Sidney H. WRIGHT, III, Plaintiff-Appellee, v. PREFERRED RESEARCH, INC., a Georgia Corp., Defendant-Appellant.
    No. 89-7014.
    United States Court of Appeals, Eleventh Circuit.
    Jan. 11, 1990.
    
      George L. Beck, Jr. and W. Terry Travis, Montgomery, Ala., for defendant-counterclaim-plaintiff-appellant.
    James A. Ward, III, Dothan, Ala., for plaintiff-counterclaim-defendant-appellee.
    
      Before VANCE, HATCHETT and CLARK, Circuit Judges.
    
      
       This opinion was concurred in by Honorable Robert S. Vance prior to his death on December 16, 1989.
    
   ON PETITION FOR REHEARING AND SUGGESTION OF REHEARING IN BANC

PER CURIAM:

In this petition for rehearing we are asked to reconsider whether defendant-appellant Preferred Research, Inc. filed its notice of appeal prematurely. Earlier we dismissed this appeal because Preferred’s notice was filed while plaintiff-appellee Sidney Wright still had a motion for reconsideration pending before the district court. Preferred now argues that Wright’s motion for reconsideration was untimely, and aiat in any event it was not the type of motion that bars a notice of appeal. Finding no merit in these contentions, we deny Preferred’s petition for rehearing.

I.

In the district court plaintiff-appellee Sidney H. Wright, III (hereinafter “Wright”) was awarded $1,500,000 in punitive damages and $7,000 in compensatory damages. The judgment and order in Wright’s favor was entered on July 14, 1988. A week later defendant-appellant Preferred Research, Inc. (hereinafter “Preferred”) filed motions for judgment notwithstanding the verdict (“j.n.o.v.”), for a new trial, and for a stay of proceedings.
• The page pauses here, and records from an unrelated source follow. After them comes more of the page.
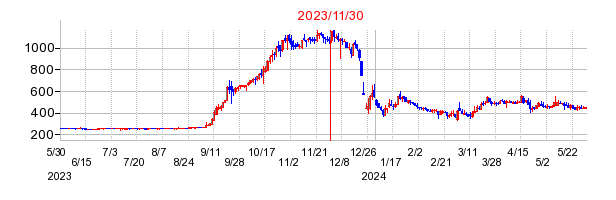 2023年11月30日 15:00前後のの株価チャート
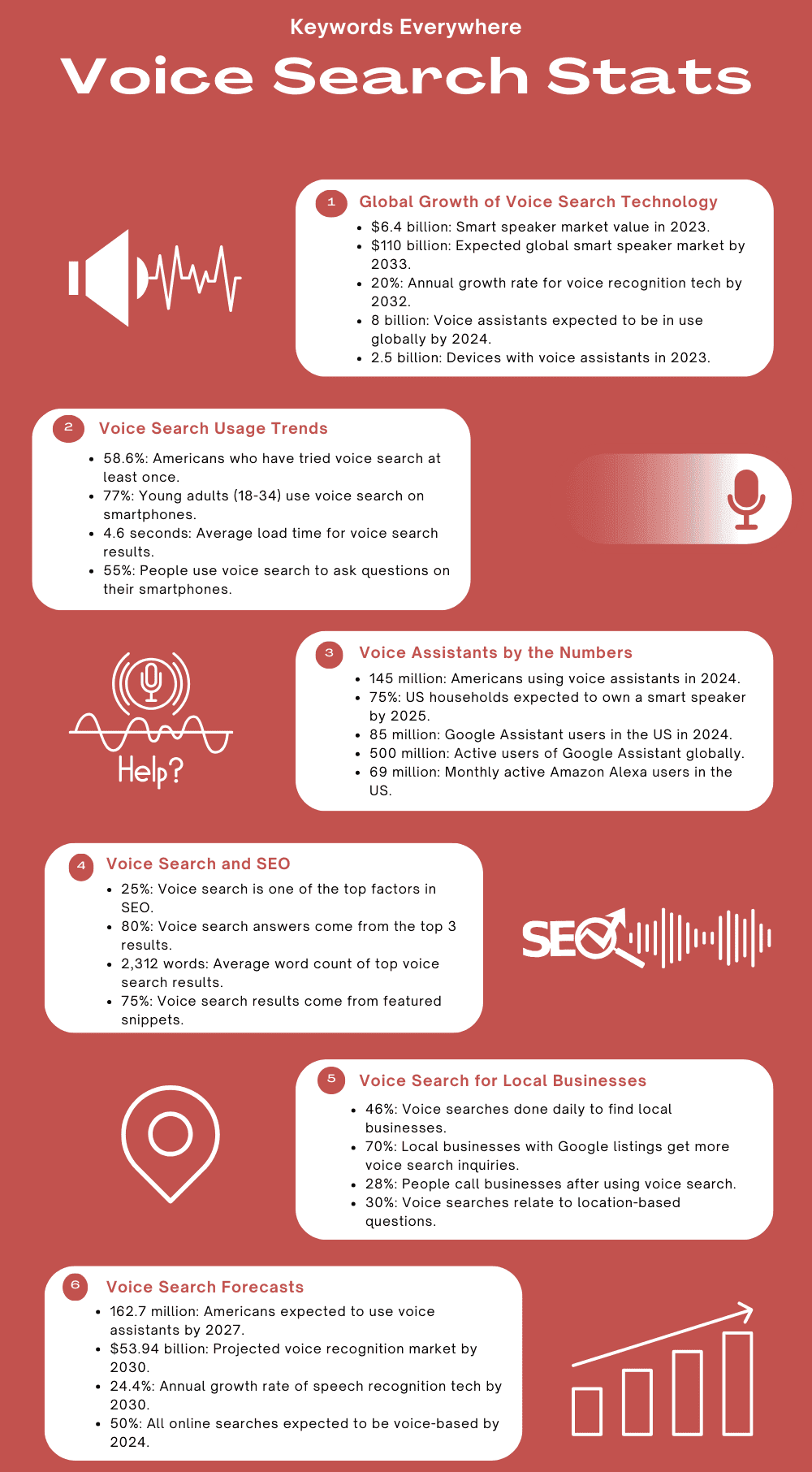 Setting Up Smart Voice: The No-Fuss Installation - visual representation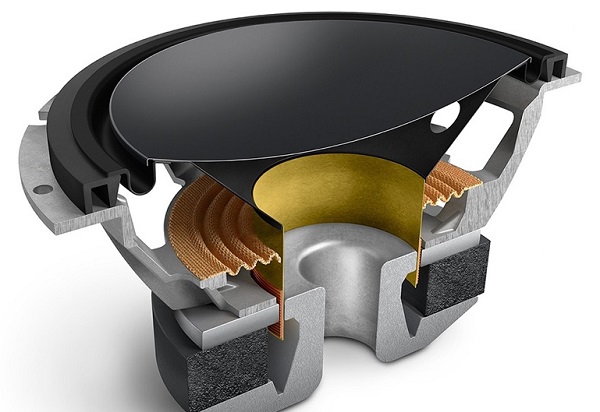 Âm Thanh Loa KEF R5 Meta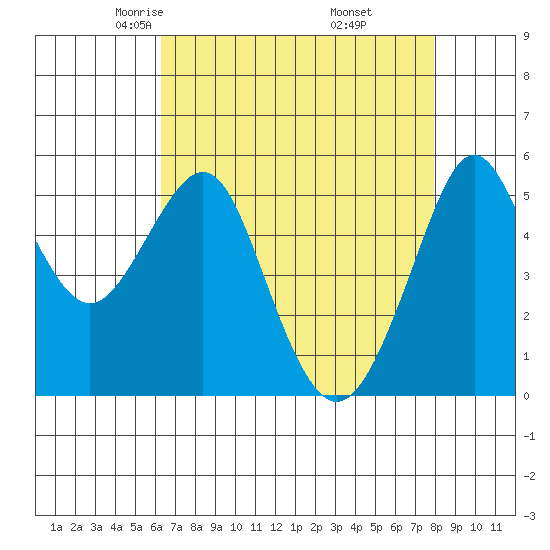 Alameda tide chart for Monday, April 25, 2022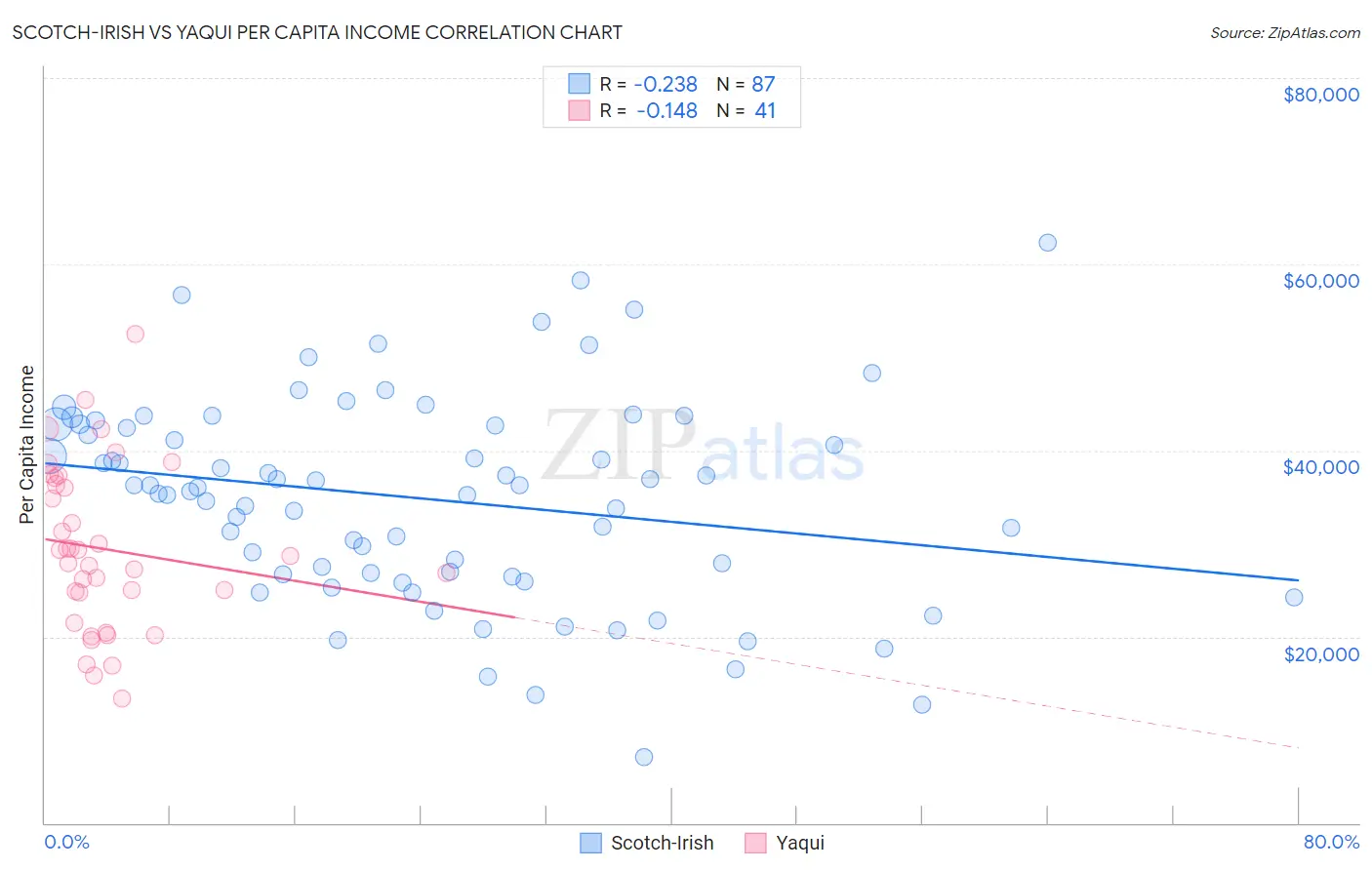 Scotch-Irish vs Yaqui Per Capita Income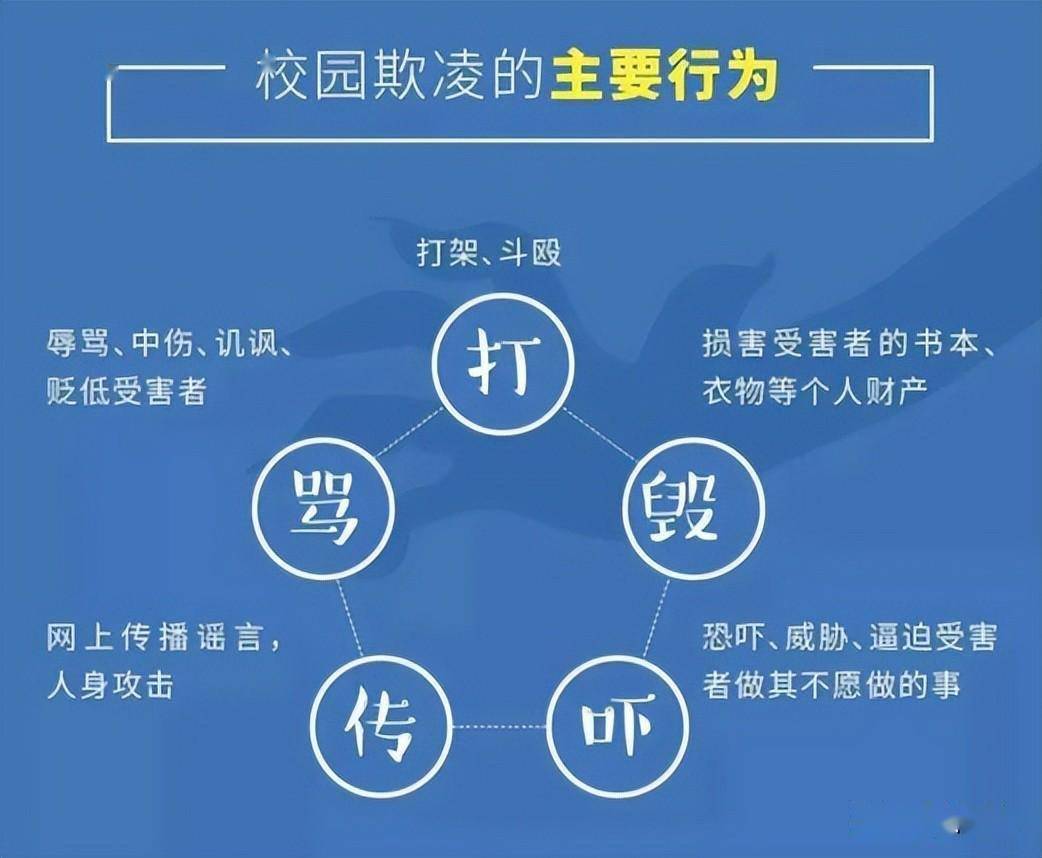 防范校园欺凌,为学生成长护航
On July 26, 1988, the trial court granted Preferred’s motion to stay the proceedings until the disposition of Preferred’s other motions. On December 13, 1988, the trial court denied the motion for j.n.o.v. and ordered that the motion for a new trial be denied on the condition that Wright file a consent to re-mittitur not later than December 28, 1988. Wright filed both a consent to the remit-titur and a motion to reconsider the remit-titur order on December 28, 1988. On January 4, 1989, Preferred filed its notice of appeal. On January 6, 1989, the trial judge denied Wright’s motion to reconsider the order of remittitur, but allowed Wright additional time to brief his request for equitable relief contained in the motion to reconsider the order of remittitur. On January 31, 1989, the trial court denied Wright’s motion for reconsideration “in all remaining respects.”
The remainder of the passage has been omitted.